The old money, people of East Egg, aren't as irresponsible with their wealth, and know how to handle what they have. "What the old aristocracy possesses in taste, however, it seems to lack in heart, as the East Eggers prove themselves careless, inconsiderate bullies who are so used to money’s ability to ease their minds that they never worry about hurting others"(http://www.sparknotes.com/lit/gatsby/themes.html) Daisy and Tom Buchanan are a perfect example of this selfishness. They both will simply move on, and leave the messes that they made for somebody else to clean up. They're both never satisfied, and cheat on one another. These East Eggers are no better than the irresponsible new money from West Egg.

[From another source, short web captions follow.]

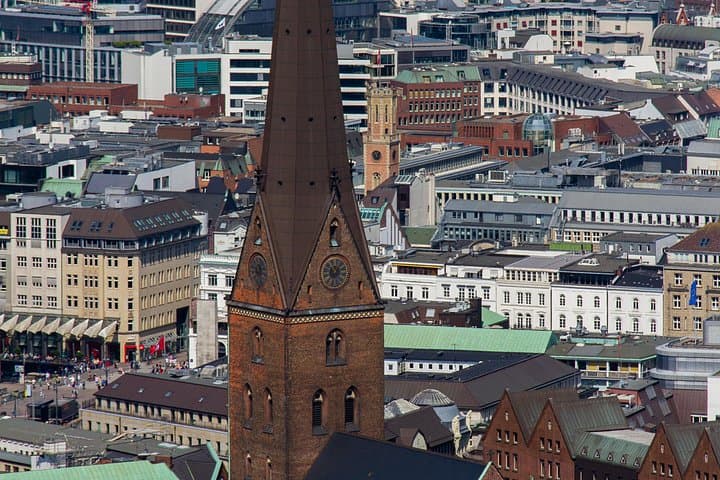 Tour Histórico a Pie por Hamburgo — foto 5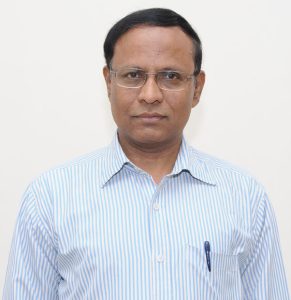 Dr. K. R. Shanmugam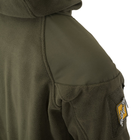 Куртка Helikon-Tex CUMULUS - Heavy Fleece, Taiga green XS/Regular (BL-CMB-HF-09) - изображение 13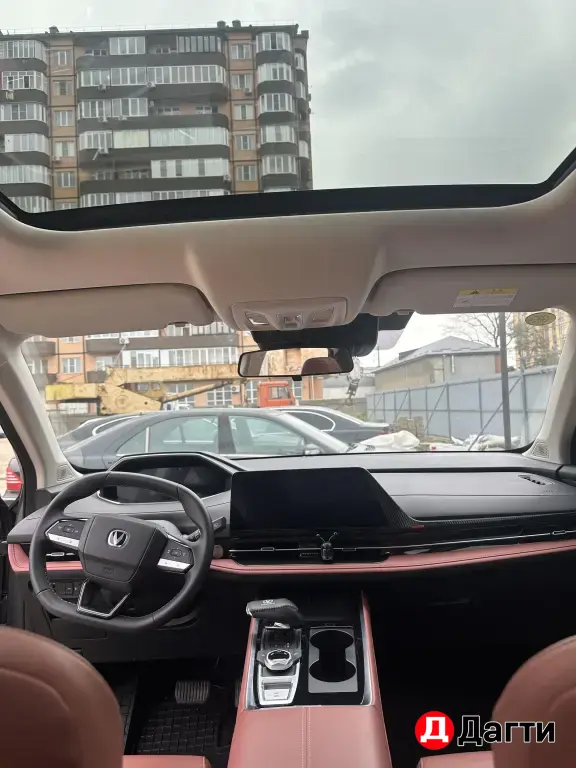 Changan CS55 Plus, 2025 года
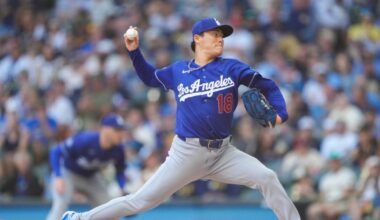 Dodgers bullpen extends scoreless streak, beats host Brewers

In conclusion, new money is less responsible, but despite that quality, people like Gatsby are caring and have a big heart, and actually do give a damn about other people. The old money knows how to handle their money, but being so used to that wealth are extremely selfish, and come off to be worse people, like Tom and Daisy Buchanan.
Sources: The Great Gatsby
Thursday, June 3, 2010
Wednesday, June 2, 2010
In the Great Gatsby, there are two cities, East Egg and West Egg, which are separated by the Valley of Ashes. What city you live in between the two, shows if you are from a wealthy family (East Egg) or if you are new to wealth (West Egg).
People in East Egg come from families that always had money. They're more snobby, greedy, and mean than people from West Egg, as those from East Egg are generally less-sophisticated, and a more innocent type of people, as they haven't been consumed by material possessions, money, and greed their whole lives. The Buchanans, for example, are a family of East Egg, which Tom Buchanan was born of a wealthy family, and the greedy Daisy, who married into this money. They have a very large mansion for a home, and are a somewhat of a stuck up family. East Egg is portrayed as corrupt in the novel, and and is moral-less, compared to the more humble West Egg.
According to F. Scott Fitzgerald, the West Egg is "less fashionable" with "wide lawns and friendly trees." Most of the people that live in the West Egg have morals and ethics to live by, rather than their own money, such as Nick Carraway. After Nick does Gatsby the favor of reuniting him with Daisy, he offers Nick the chance to take part in Gatsby's business and earn more money. Even though Nick struggles to sell bonds, he politely declines, realizing that Gatsby was only returning the favor. This shows that Nick has dignity, and doesn't live off the image portrayed by how much money he has or makes.